To this point I should like to add that my repeated plea to establish sick-camps in the regional labor office districts, instead of the mass deportation of the Easterners who are incapable of work, has so far not been answered. Hence I found it necessary to contact the Reichskommissar [Commissioner] for health and sanitation on this matter. In the session of the propaganda department called by State Counselor, Professor Boerger on the 17th of this month, the negative repercussions which will be caused in the native provinces by the recently planned return transports were referred to not only by the representatives of my agency, but particularly by the representative of the economic staff East, since such events interfere with the demands for labor and production in the rear military zones. Measures such as conscription, return of the sick or similar things not only impair the procurement and the legal validity of the executive orders of the compulsory-labor order released by me on Dec 19.41, but moreover endanger all the important war work in the occupied Eastern territories. This goes as well for the urban as for the rural procurement districts, where so far, thanks to the self-sacrificing activity of the leaders of the economic land bases, an atmosphere permitting productive work was created between the German administration and the native population, which now threatens to become lost. Even if I do not close my eyes to the necessity that the numbers demanded by the Reichs minister for weapons and ammunition as well as by the agricultural economy justify unusual and hard measures, I have to ask, due to the responsibility for the occupied Eastern territories which lies upon me, that in the accomplishment of ordered tasks such measures be excluded, the toleration and prosecution of which will some day be held against me, and my collaborators. In order to achieve this, and to bring into agreement the requirements given by the peculiar political situation of the Eastern territories with the measures of the commissions and the staffs of your agencies, I have empowered the Reichs commissioner for the Ukraine insofar as necessary to make use of his right, and to see to it that methods which run contrary to the interest of the conduct of the war and war economy in the occupied East be abolished.
It appears strange to me, that in numerous cases which should have been discussed with the civil authorities, we only receive information through the police and other agencies. I am referring in this connection to the note of my standing representative of Nov. 11.42.—III wi 5—1231-3587—in which I asked for a discussion concerning the mutual cooperation, and especially on the position of your delegates, to which I have unfortunately never received an answer from you. With consultation of our mutual wishes, which you personally will certainly understand, it is unfortunately impossible for me to accept a co-responsibility for the consequences, which result from the recounted state of affairs.
I should not like to have informed you of this, without expressing my hope that in the interests of both of us, this condition will be terminated with the coming of the new year. I am personally convinced that you, dear Party member Sauckel, have the same desire. I assume that there will be an opportunity for discussion of this in the conference prompted by me on Jan. 11.43.

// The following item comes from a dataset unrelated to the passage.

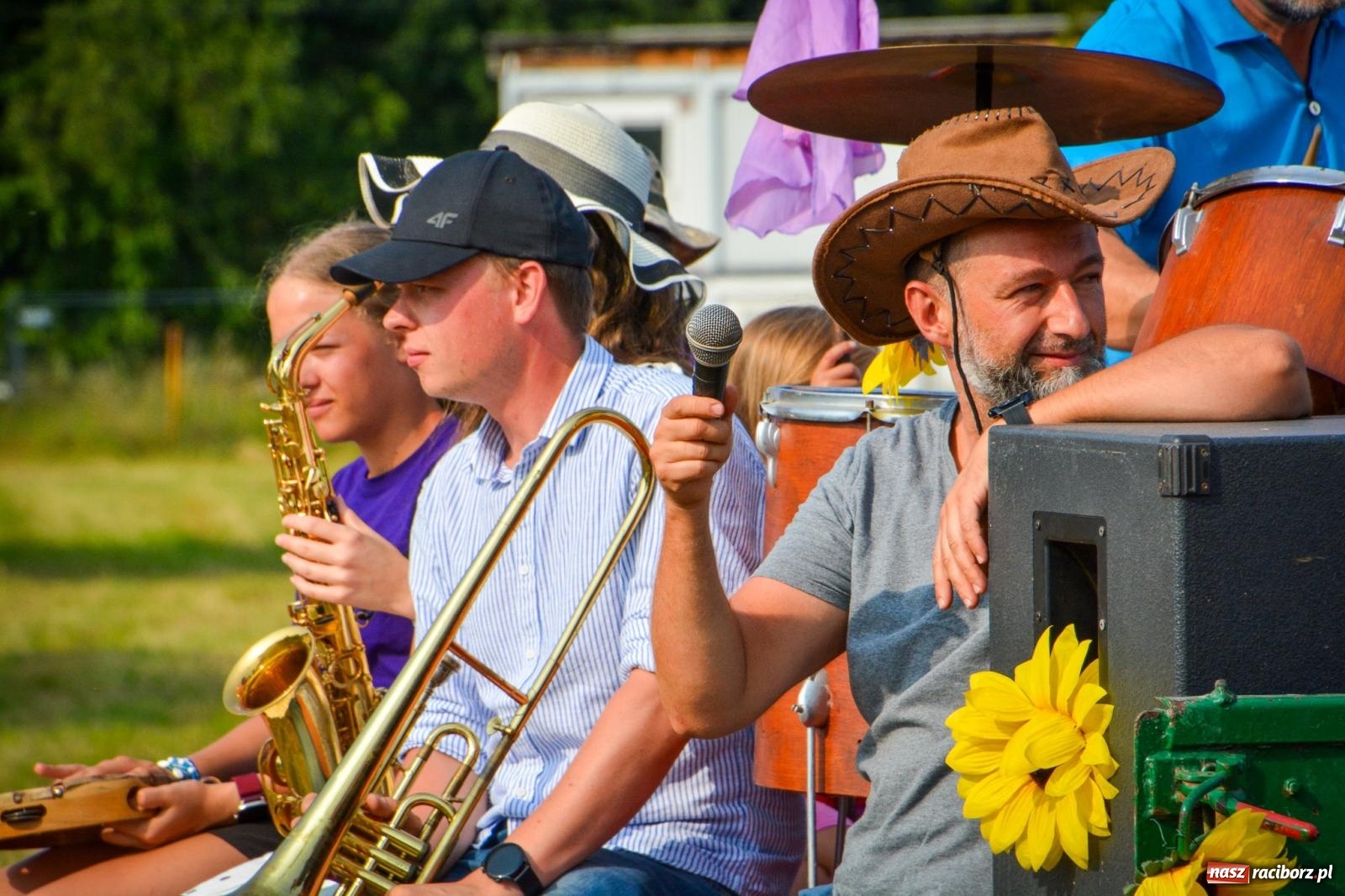 Zdjęcie w galerii na portalu naszraciborz.pl: Dożynki w Cyprzanowie rozpoczęły sezon świętowania plonów w gminie Pietrowice Wielkie wiadomości z regionu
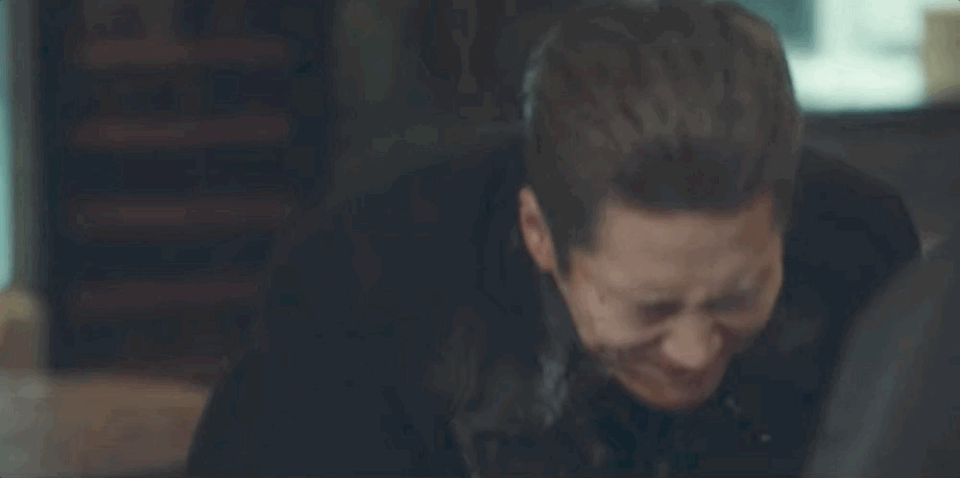 Hãi hùng màn tạt nước sôi dằn mặt của điên nữ ở tập 9 Tầng Lớp Itaewon: Lũ rác rưởi, tôi sẽ nghiền nát các người!-4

I am gratefully looking forward to your reports in this connection.
Yours,
signed: A. ROSENBERG
Extracts from the Secret Report on Morale by the Foreign Mail Censorship Post Berlin.
(Reg. No. 7328/42 secret Group VIII)
Selected letters from the occupied Eastern regions regarding the period from Sept. 11 to Nov. 10, 1942.
In the letters from the Ukraine a further sharp decline in the morale is pictured, and under the impact of an increased requisition of labor forces for the Reich, the Ukrainian population has been seized by a terrible fear.